* Instructions to follow:
Using the listing below, set down exactly the lines from the one that contains "无人,竖图,室内,特写,白天" through the one that contains "OFFICIEEL: Westerlo beloont", with no pictures.

* Entries provided:
++++++
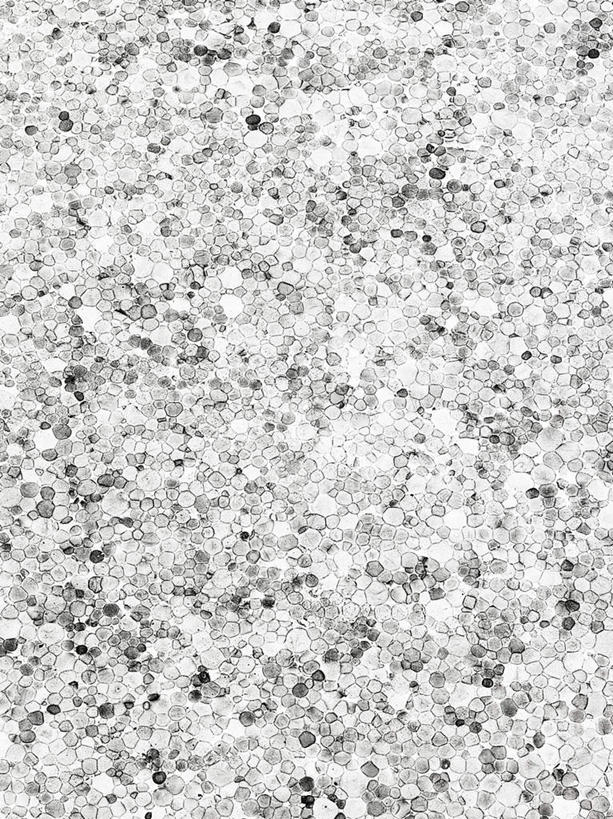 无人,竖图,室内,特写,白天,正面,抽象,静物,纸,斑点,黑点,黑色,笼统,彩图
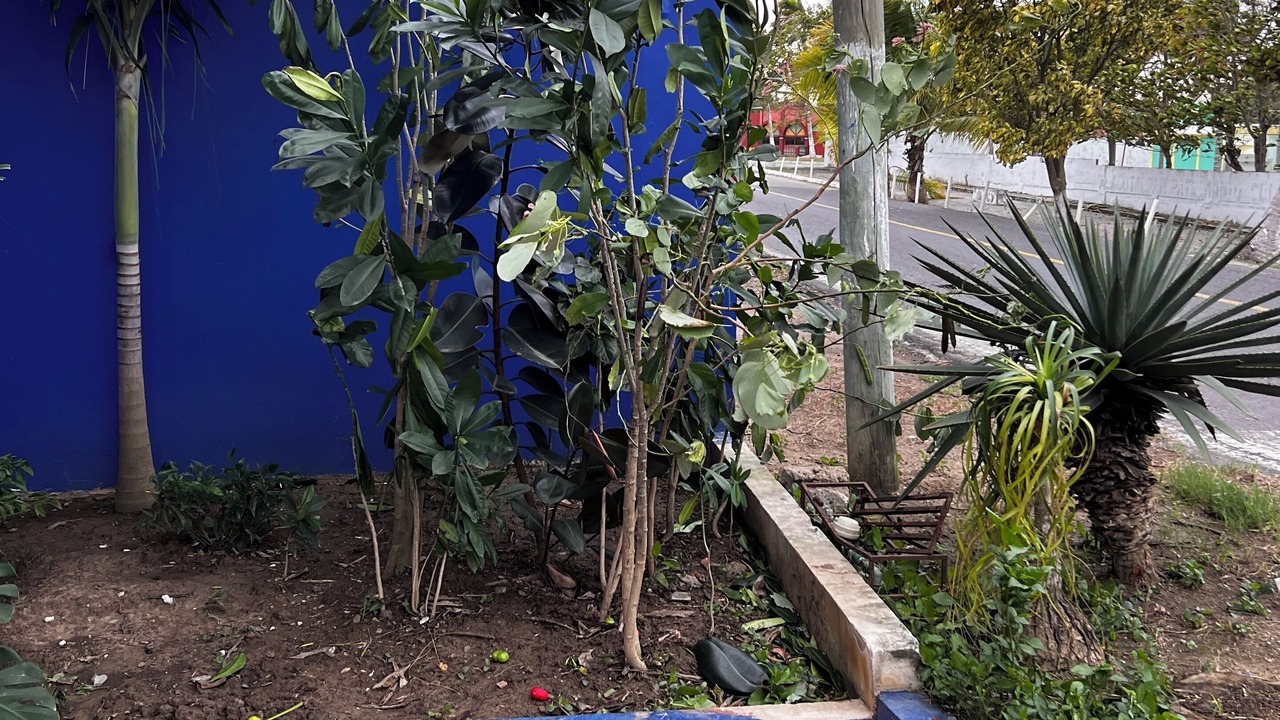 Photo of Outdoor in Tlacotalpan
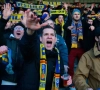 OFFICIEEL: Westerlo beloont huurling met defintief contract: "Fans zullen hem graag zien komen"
++++++
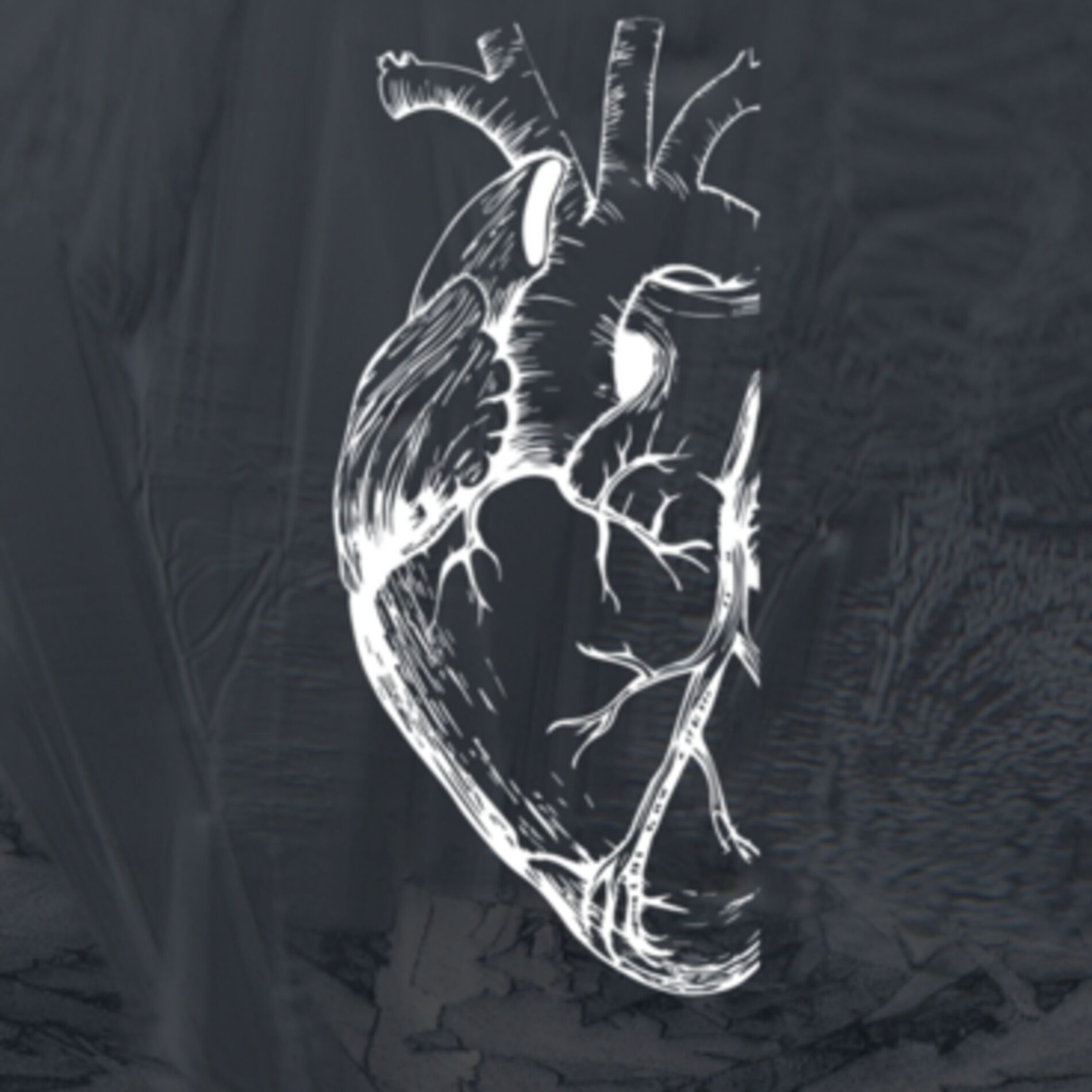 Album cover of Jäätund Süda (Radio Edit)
++++++
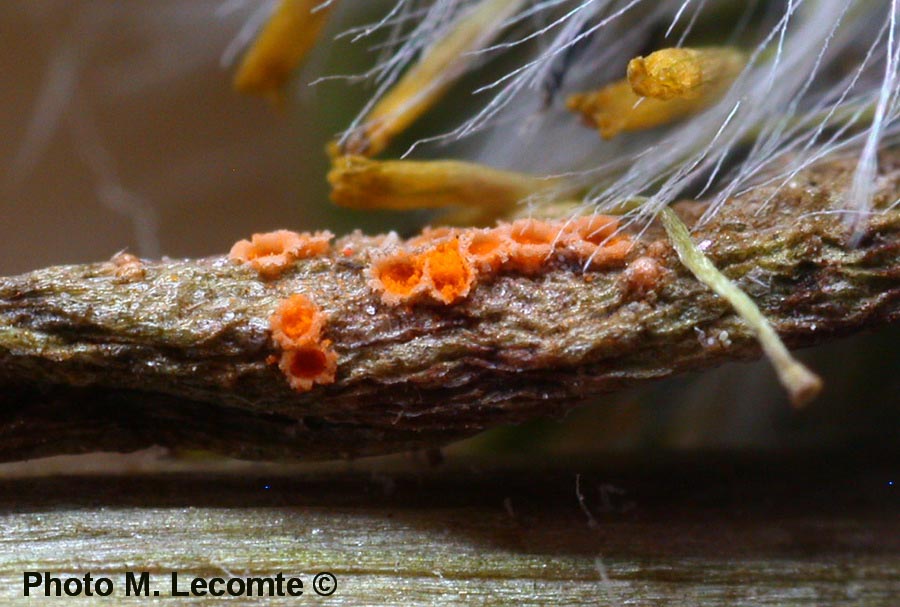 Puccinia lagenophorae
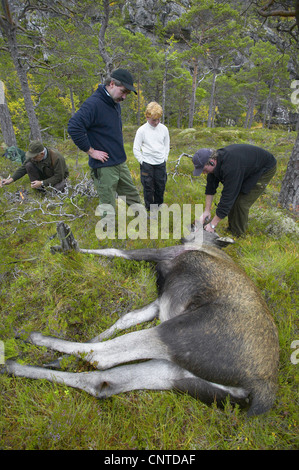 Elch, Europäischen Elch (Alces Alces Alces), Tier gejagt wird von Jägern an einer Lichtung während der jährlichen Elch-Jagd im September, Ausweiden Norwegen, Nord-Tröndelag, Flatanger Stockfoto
++++++
* Answer box:
 无人,竖图,室内,特写,白天,正面,抽象,静物,纸,斑点,黑点,黑色,笼统,彩图
 Photo of Outdoor in Tlacotalpan
 OFFICIEEL: Westerlo beloont huurling met defintief contract: "Fans zullen hem graag zien komen"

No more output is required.